As a principal engineer, it’s my job to manage all the deliverables on a project, ensuring that we’re doing everything we’ve been asked for, on time and to expected standards. Working in highways means I’m talking about things such as pavements, alignments, gradients and widths, and the design parameters these are based on, such as CBR, design speed, sight stopping distances and transition curves. But it doesn’t stop at this, inter-disciplinary coordination is an essential part of any construction project so I’m always liaising with the transport, signals, landscape, lighting and geotechnical teams. Day-to-day, I spend my time on calls with clients and design teams, keeping an eye on project spend, preparing project briefs, and going onto site.
Like most consultancies, there’s also a focus on the business development side of things. Each project we deliver adds another layer of depth to our experience and it’s this skill and quality that’ll hopefully turn into repeat work. I enjoy working with the team on bids – we have a lot of good experience to draw from having delivered across a range of genuinely diverse sectors.
What changes are impacting the highways industry currently?
As with all industries, we’re experiencing really rapid advances in technology. The opportunities for artificial intelligence, for example, are huge and I’ve recently seen it used to complete traffic surveys such as junction turning counts, helping engineers like us to drive efficiencies in our projects.
Another one is BIM, whilst this one isn’t new, we’ve been using it for some time now, it’s another really powerful tool. It means that teams across the various design and engineering disciplines can collaborate using one central model, allowing for things like clash detection, which in turn can provide considerable time and cost savings for the client.

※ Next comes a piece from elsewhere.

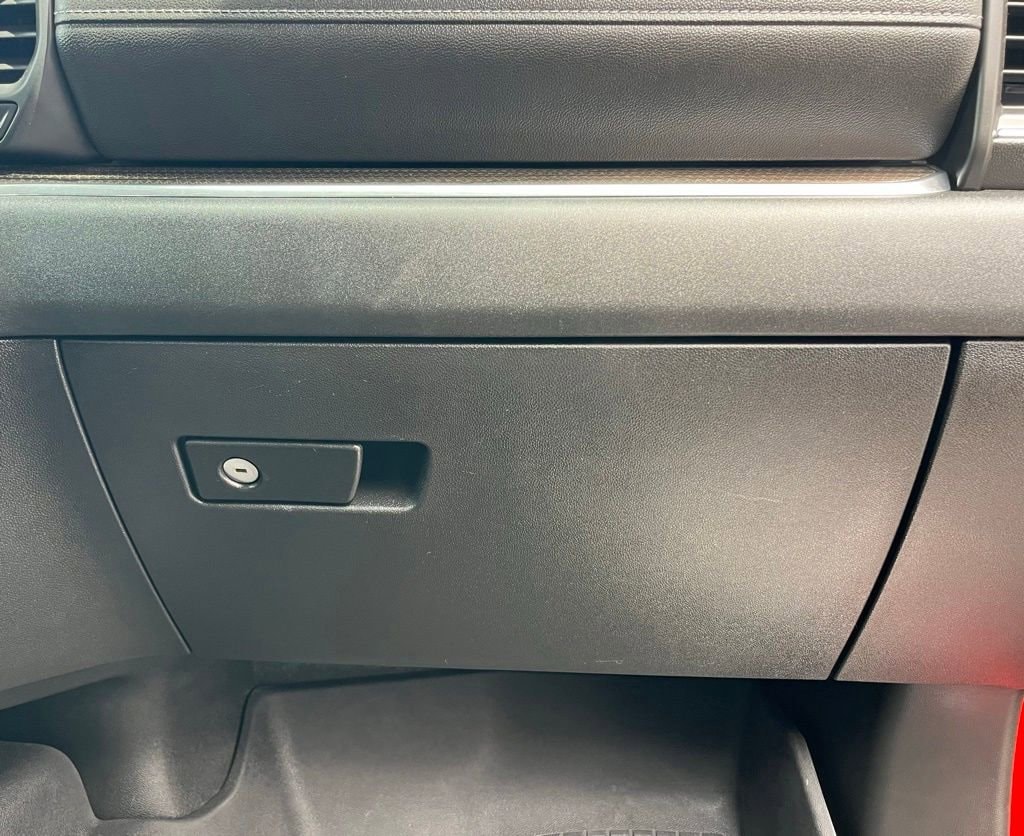 2023 Chevrolet Silverado 1500 LT - Photo 22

We’re in a period where everything’s changing so quickly, driven by the climate crisis and rapidly emerging technologies. Cycling is a hot topic, with increased funding for cycle schemes as well as a focus on cycle infrastructure. This means there’s a need for highways engineers to stay up to date on the latest developments and be familiar with the latest standards, such as LTN1/20. Another big change is the electrification of vehicles, which gives us really exciting opportunities for innovation as engineers as we’re being tasked with delivering a first-of-a-kind charging infrastructure and upgrading existing power networks to ensure energy supplies. This work will last for decades, it’s a big responsibility and one that we need to get right.
Any advice for those looking to get into the industry?
Go for it! The opportunities are there and they’re really diverse. It’s not a one-role industry, you can have a variety of different careers in highways, from engineering to project management or business development, there’s something for everyone.
It’s a busy and fast-moving industry where things are constantly changing. In fact, I’d say the only constant is change! Across your career, you’ll likely witness a total transformation of how projects are delivered, the technology used, and the way they’re resourced. New technologies often mean adopting a whole new skillset, so keep your training up, stay agile and embrace change and you’ll love it.